• [Exercise directions]: Only the lines from the one with "Thumbnail: 2015 Toyota Tacoma - 1" through the final line below belong in the answer, copied exactly and without pictures.

(Material to process)

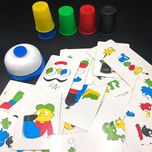 بازی فکری هوپا مدل کاپوچین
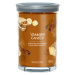 YANKEE CANDLE Signature Tumbler velký Spiced Banana Bread 567 g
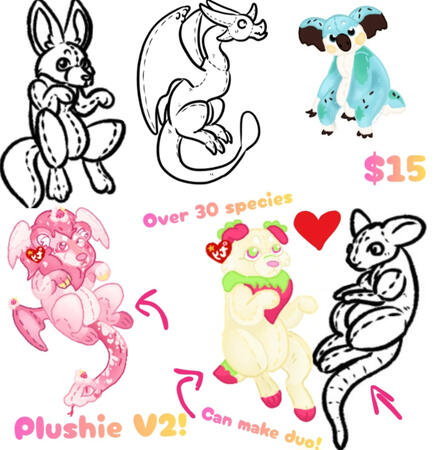 plushie v2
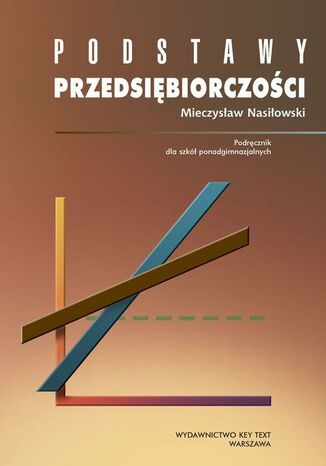 Okładka książki/ebooka Podstawy przedsiębiorczości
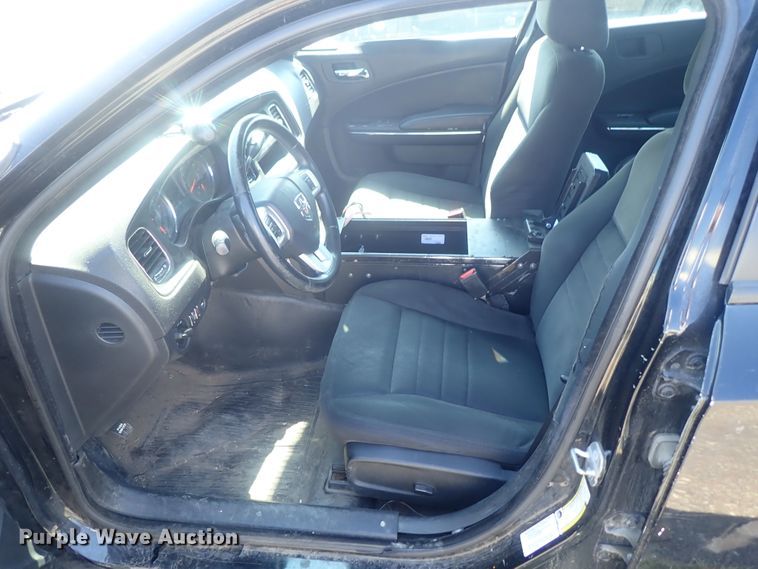 image for item DC1435 2014 Dodge Charger Police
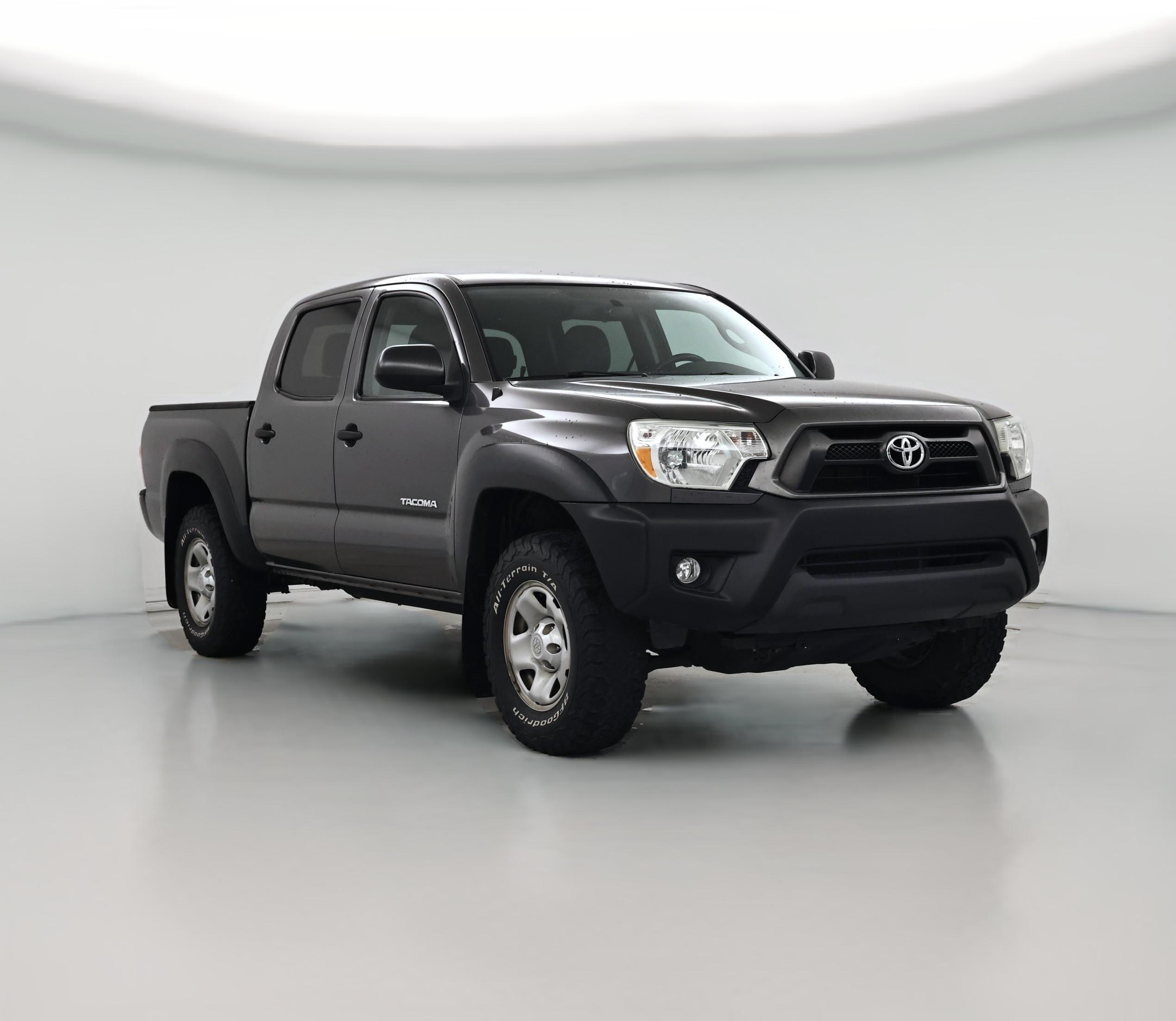 Thumbnail: 2015 Toyota Tacoma - 1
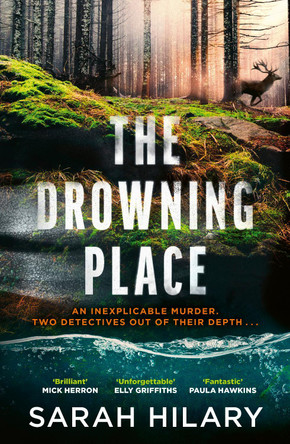 The Drowning Place by Sarah Hilary 9781787305403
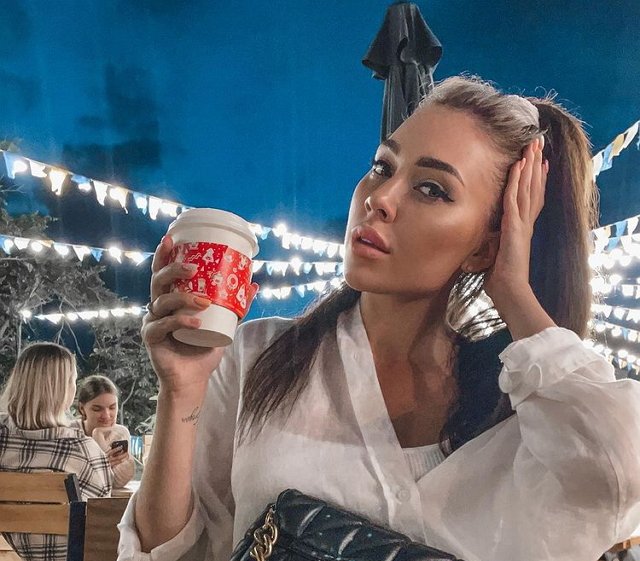 Алёна Савкина: Многие меня не понимают Алёна Савкина: Многие меня не понимают
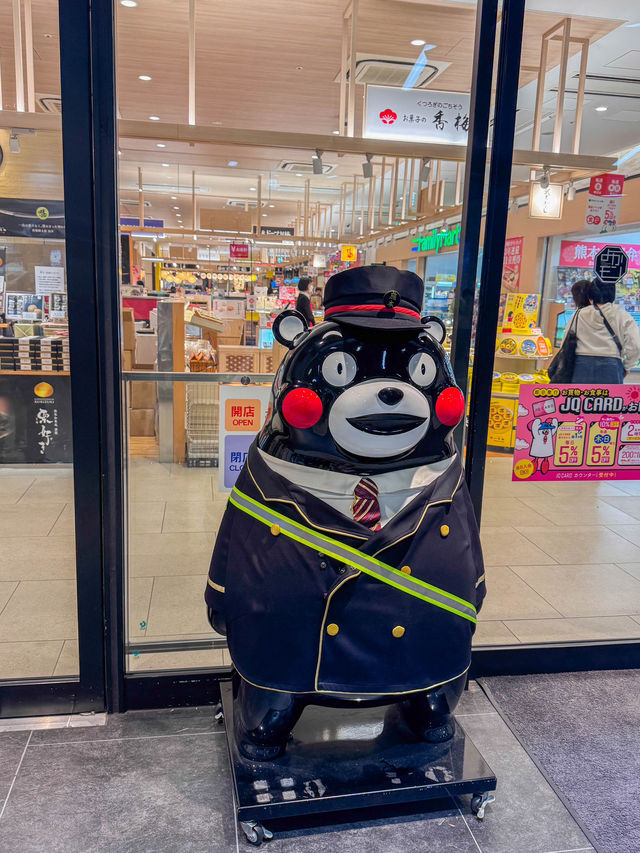 熊本市中心的購物好地方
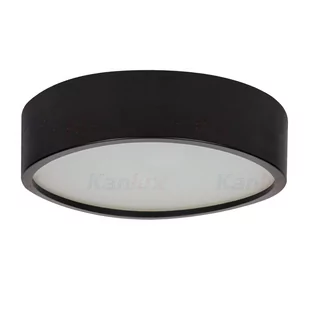Kanlux 29208 - Drewniany plafon JASMIN 2xE27/20W/230V - Lampy sufitowe - miniaturka - grafika 2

(End Material to process)

• [Exercise output]:
 Thumbnail: 2015 Toyota Tacoma - 1
 The Drowning Place by Sarah Hilary 9781787305403
 Алёна Савкина: Многие меня не понимают Алёна Савкина: Многие меня не понимают
 熊本市中心的購物好地方
Kanlux 29208 - Drewniany plafon JASMIN 2xE27/20W/230V - Lampy sufitowe - miniaturka - grafika 2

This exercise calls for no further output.